Is your battery in good shape, how old? With Snipsey's app I cleared the code after I tightened all mentioned fittings. Been several months no issues.


----------



## TurboDieselCruze2014 (Jan 23, 2020)

15cruzediesel said:


> Start by checking all bolts/nuts associated with your battery for tightness. Both positive and negative. Trace the neg through the current loop to where it bolts onto the car.
> 
> Is your battery in good shape, how old? With Snipsey's app I cleared the code after I tightened all mentioned fittings. Been several months no issues.


Dealer believes I got a bad batch of fuel I plan on creating a post covering the issue. Cause I might have to go after the company to have my fuel system replaced.


----------



## TurboDieselCruze2014 (Jan 23, 2020)

Snipesy said:


> Power issue. Eitheir a short to ground, bad battery cable or alternator cable, or a bad battery in itself.
> 
> If none of those really seem to be the culprit start by cleaning the terminals on the battery and such.


Had the negative terminal replaced under special coverage however the dealer believes I got a contaminated batch of diesel from a corporate gas station. The fuel smelled foul and unlike diesel or gasoline honestly smelled more like kerosene. I will be making a post about my experience going forward as I may have to go after the company who sold me the fuel.


----------



## 15cruzediesel (Sep 30, 2019)

TurboDieselCruze2014 said:


> Had the negative terminal replaced under special coverage however the dealer believes I got a contaminated batch of diesel from a corporate gas station. The fuel smelled foul and unlike diesel or gasoline honestly smelled more like kerosene. I will be making a post about my experience going forward as I may have to go after the company who sold me the fuel.



Guess it was bad timing with the ramp. That sucks. Hopefully the right thing will get done. You can't be the only one.


----------



## Diesel4Ever (May 30, 2018)

You need to get the fuel tested first before you make any accusations or hire an attorney


----------



## TurboDieselCruze2014 (Jan 23, 2020)

15cruzediesel said:


> Guess it was bad timing with the ramp. That sucks. Hopefully the right thing will get done. You can't be the only one.


I called and spoke with the corporate and they said get all my paperwork together and if everything checks out they will compensate me. Pulling up to the ramps mixed the very last of the good with bad and luckily my car was smart enough to not let me continuously run the garbage through cause a old 12 or 24 valve dodge would have chugged that stuff through causing catastrophic failure. Dealer was able to flush and put new fuel in it with a new fuel filter which I just changed last week, bellowed smoke for a half hour and they don’t believe no damage was done and how it played out was a blessing because injectors, pumps, and the rest of the fuel system would have totaled my car.


----------



## TurboDieselCruze2014 (Jan 23, 2020)

Diesel4Ever said:


> You need to get the fuel tested first before you make any accusations or hire an attorney


I plan on it, the dealership saved a 5 gallon sample.
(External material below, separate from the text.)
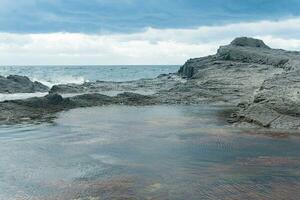 coastal cliffs formed by columnar basalt at low tide photo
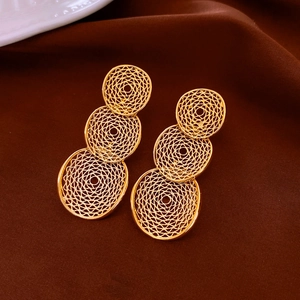 Detail shot of golden triple-tier circular drop earrings with intricate hollow mesh pattern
I also contacted said stations corporate and informed they and they will check into the quality of the fuel. I was told their suppliers provide the fuel but the stations are responsible solely for their tanks if they may be leaking. I’m not gunning for their throats I just want to be compensated for cost when I’m 100% positive that fuel was fouled up. Service tech even said it looked nothing like diesel, smelled diesel esq but more mildew and looked nothing like what they replaced it with.


----------



## TurboDieselCruze2014 (Jan 23, 2020)

15cruzediesel said:


> Guess it was bad timing with the ramp. That sucks. Hopefully the right thing will get done. You can't be the only one.










You see the orange separation at the bottom. I got all my ducks in order and filed all the necessary paperwork. I drove by their today and the pump was blocked off. So hopefully all is good and I will be compensated. I am pissed though because my DPF went through unnecessary abuse trying to filter off that bad.


----------



## 15cruzediesel (Sep 30, 2019)

TurboDieselCruze2014 said:


> View attachment 286128
> You see the orange separation at the bottom. I got all my ducks in order and filed all the necessary paperwork. I drove by their today and the pump was blocked off. So hopefully all is good and I will be compensated. I am pissed though because my DPF went through unnecessary abuse trying to filter off that bad.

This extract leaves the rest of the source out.